- **Records supplied**:
☆ ☆ ☆ ☆ ☆

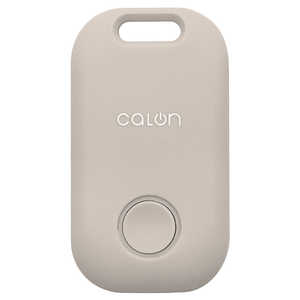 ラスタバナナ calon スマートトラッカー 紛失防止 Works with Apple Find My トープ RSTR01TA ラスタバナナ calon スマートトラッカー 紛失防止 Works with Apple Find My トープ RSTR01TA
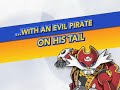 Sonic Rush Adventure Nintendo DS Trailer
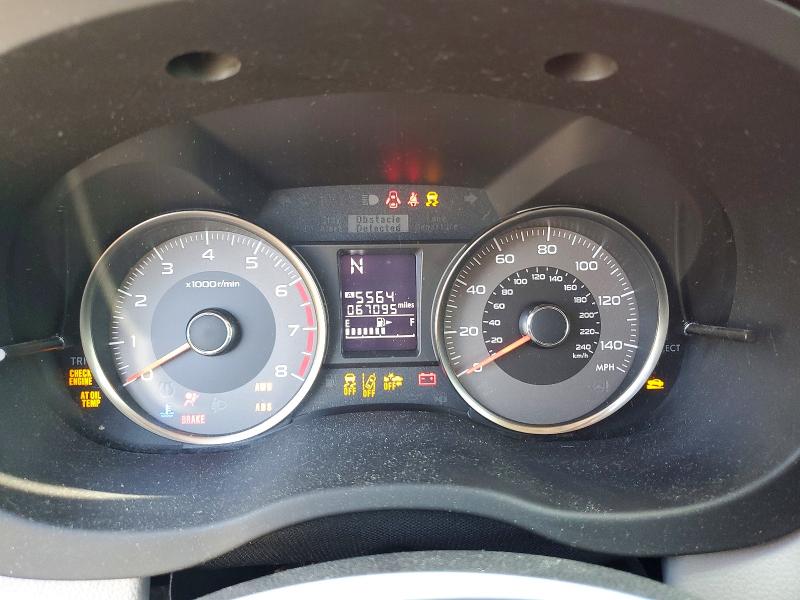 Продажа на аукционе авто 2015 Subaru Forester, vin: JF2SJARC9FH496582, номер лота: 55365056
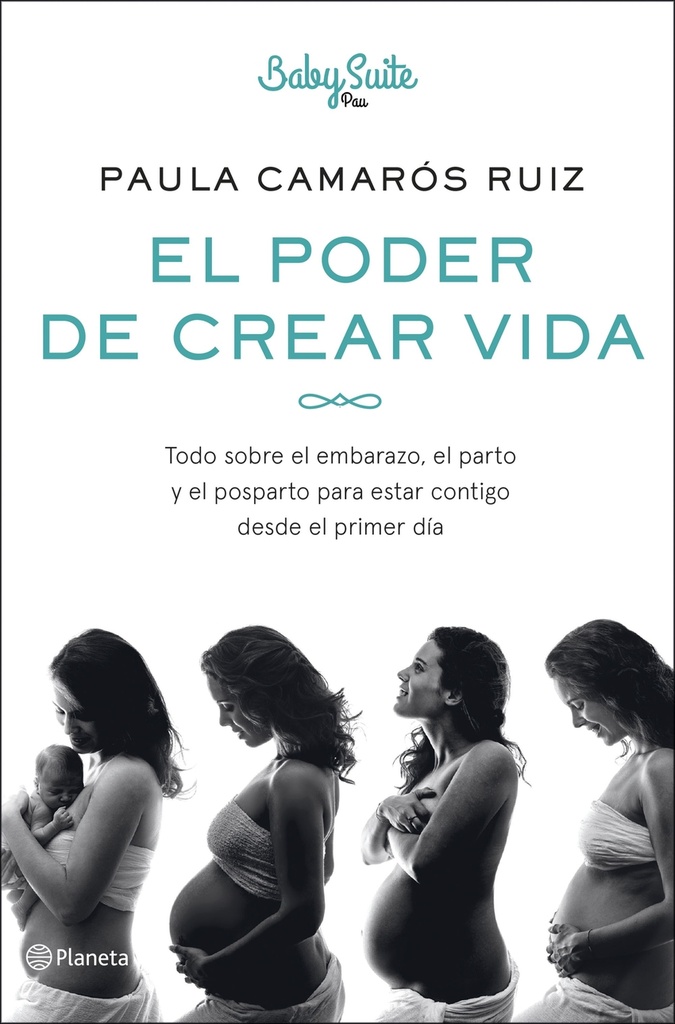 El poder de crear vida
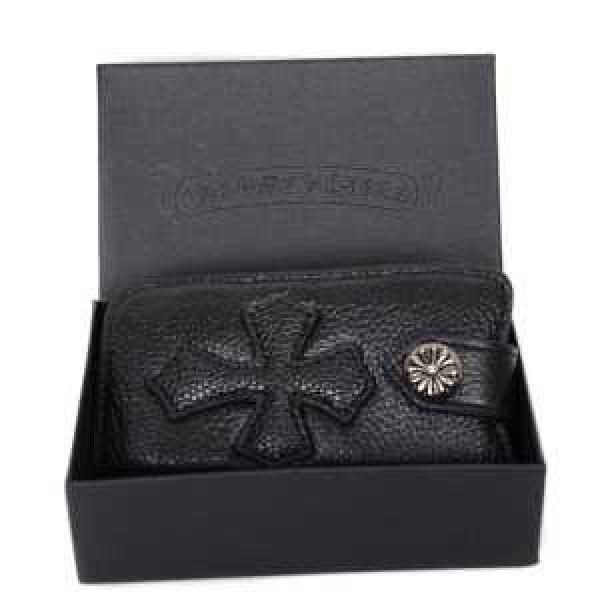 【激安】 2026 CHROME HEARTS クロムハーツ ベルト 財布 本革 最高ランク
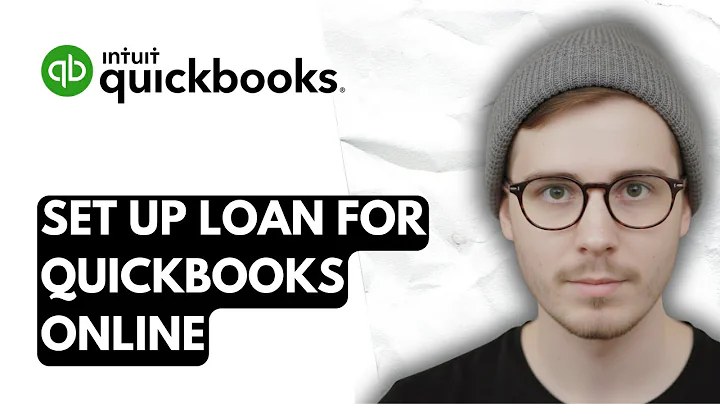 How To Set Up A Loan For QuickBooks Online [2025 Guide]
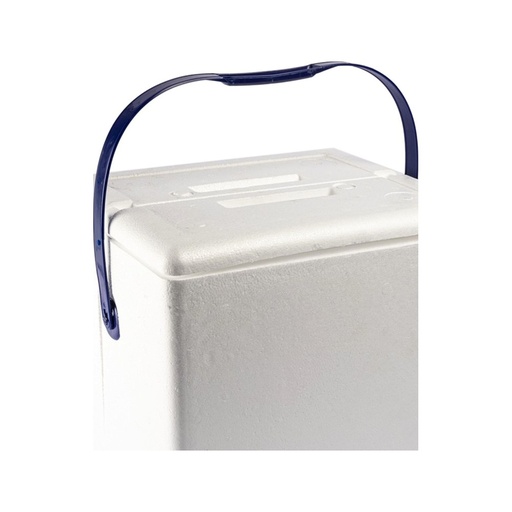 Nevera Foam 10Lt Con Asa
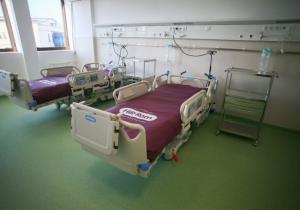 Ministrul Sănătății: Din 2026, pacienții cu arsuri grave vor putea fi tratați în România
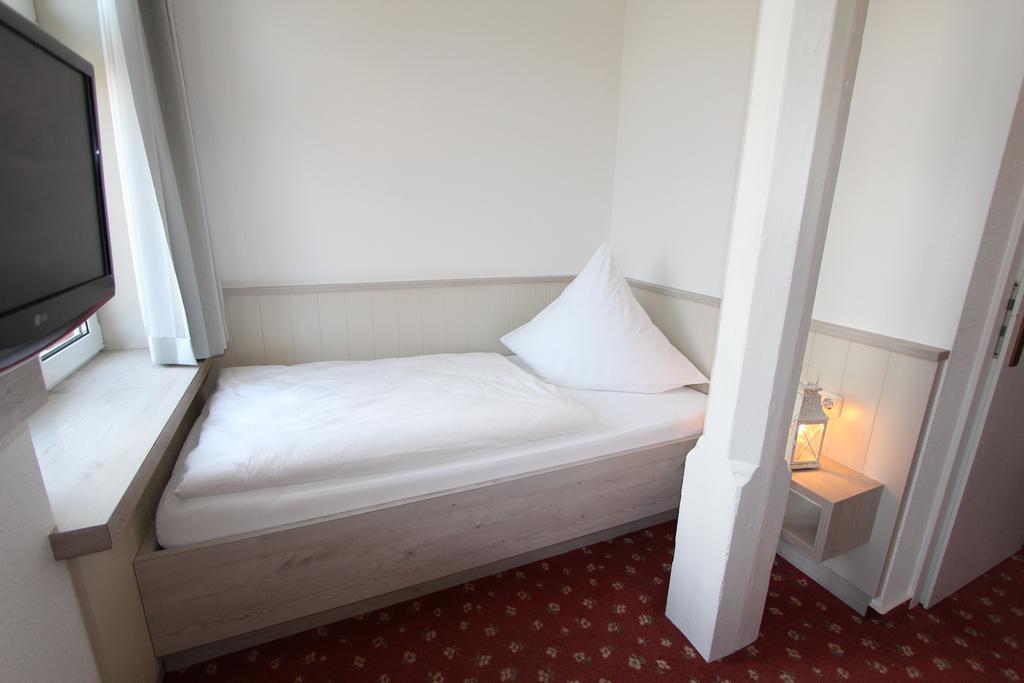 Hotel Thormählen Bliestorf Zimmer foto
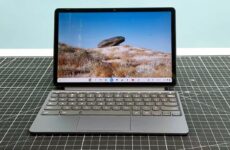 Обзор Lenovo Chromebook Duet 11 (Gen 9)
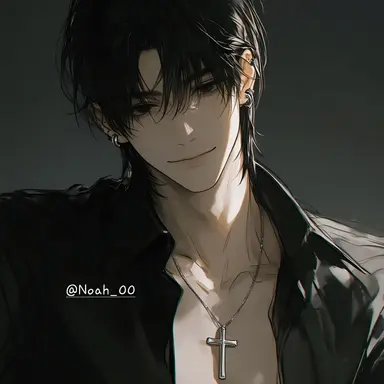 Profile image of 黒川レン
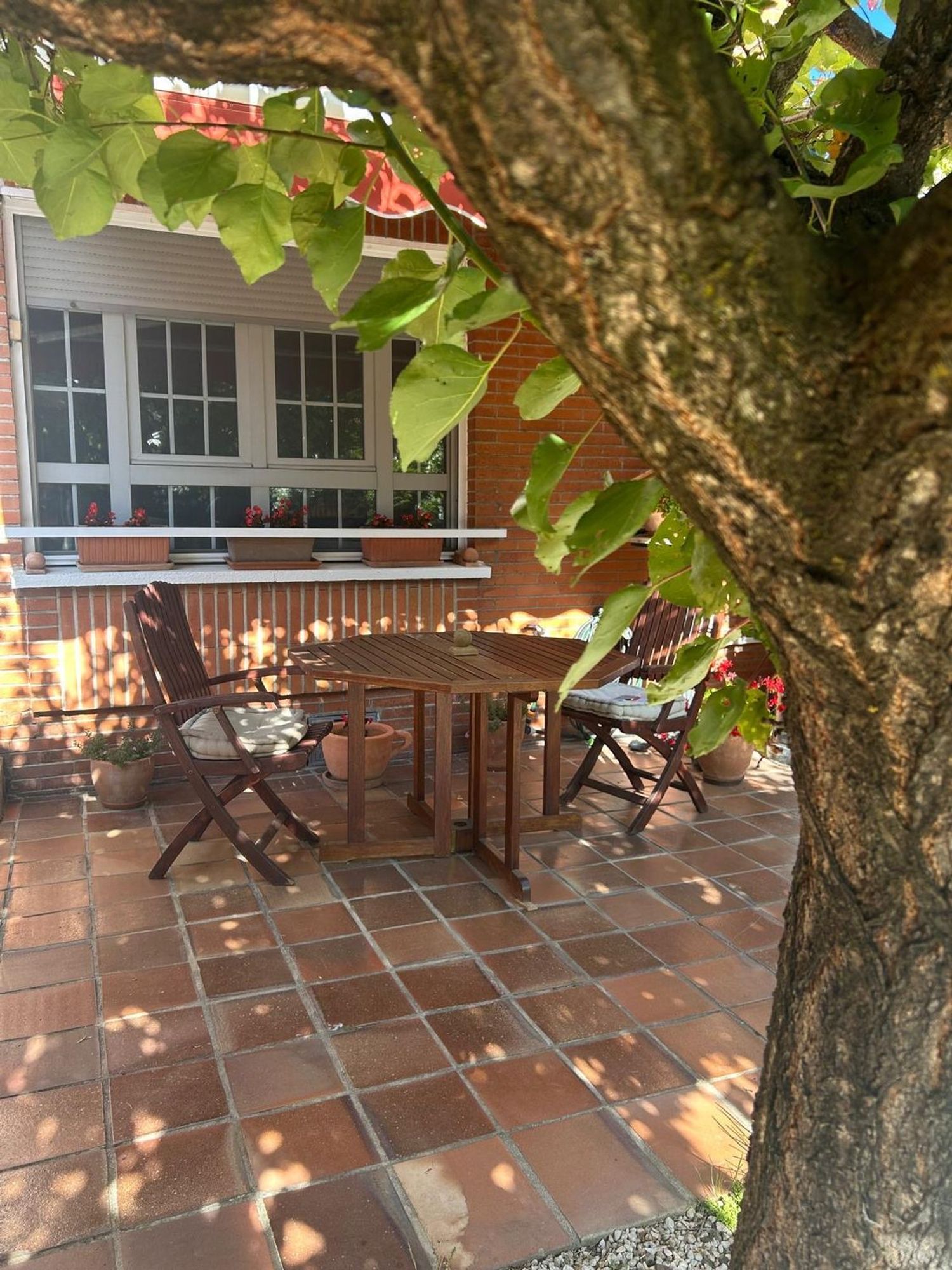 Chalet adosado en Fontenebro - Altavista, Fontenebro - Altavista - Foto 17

☆ ☆ ☆ ☆ ☆

From the listing above, print every entry precisely and drop the pictures.

- **Task answer**:
 ラスタバナナ calon スマートトラッカー 紛失防止 Works with Apple Find My トープ RSTR01TA ラスタバナナ calon スマートトラッカー 紛失防止 Works with Apple Find My トープ RSTR01TA
 Sonic Rush Adventure Nintendo DS Trailer
 Продажа на аукционе авто 2015 Subaru Forester, vin: JF2SJARC9FH496582, номер лота: 55365056
 El poder de crear vida
 【激安】 2026 CHROME HEARTS クロムハーツ ベルト 財布 本革 最高ランク
 How To Set Up A Loan For QuickBooks Online [2025 Guide]
 Nevera Foam 10Lt Con Asa
 Ministrul Sănătății: Din 2026, pacienții cu arsuri grave vor putea fi tratați în România
 Hotel Thormählen Bliestorf Zimmer foto
 Обзор Lenovo Chromebook Duet 11 (Gen 9)
 Profile image of 黒川レン
 Chalet adosado en Fontenebro - Altavista, Fontenebro - Altavista - Foto 17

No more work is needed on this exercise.